Photo Morph Sorter

Given a randomly selected stack of photos, an algorithm could put them in order such that they appear to be morphing. What’s creative is that the morphing would be done without transforming any of the images.

Here’s a black car turning into a white cat.

Implementation

The simplest algorithm would start with a set of random images and a similarity score between every pair of images, and a randomly chosen starting image. Then, given any previous image, the next would be the most similar unused one.

Choosing the starting image at random will lead to missed opportunities. In the example sequence above, if it had started with any image but the black car, the black car would have been left until last, and ended up appearing after the white cat. This would make no sense visually. It would create a breaking point in the sequence where everything went off the rails.

A different algorithm:

Start with a set of random images, a similarity score between every pair of images, and a randomly chosen starting image. Then, for any unused image, insert it into the sequence at the point where the sum of the distances between the inserted image and the adjacent ones is smallest.

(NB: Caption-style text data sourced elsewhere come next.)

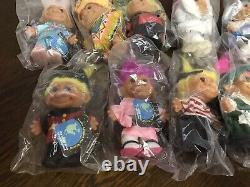 Around The World Russ 5 Troll Doll Lot of 12. All New In Bag, All With Tags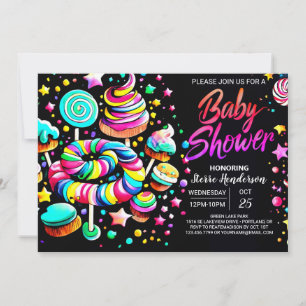 Sweet Celebration Wonderland Baby Dusche Einladung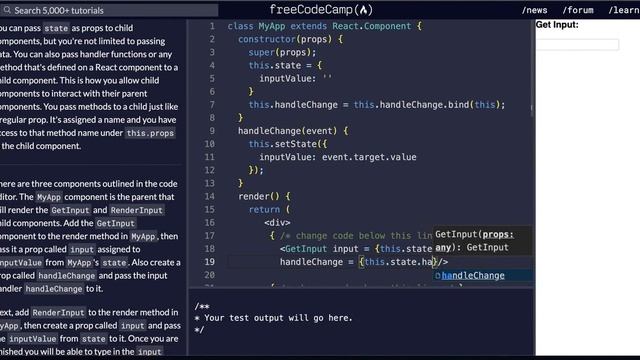 Free Code Camp - Pass A Callback As Props - SOLUTION !!! смотреть онлайн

However, at each step you might be planting problems for later. Another strategy would be to invent a metric for the chain as a whole, start to finish, and use a Markov Chain to find the optimal sequence.

(Idea for the metric:

  1. sum of all pairwise distances. This would capture places where a choice earlier forced a bad selection later
  2. largest jump between any pair of images).

Ok, I have to go to work. This has been an entry in an open notebook.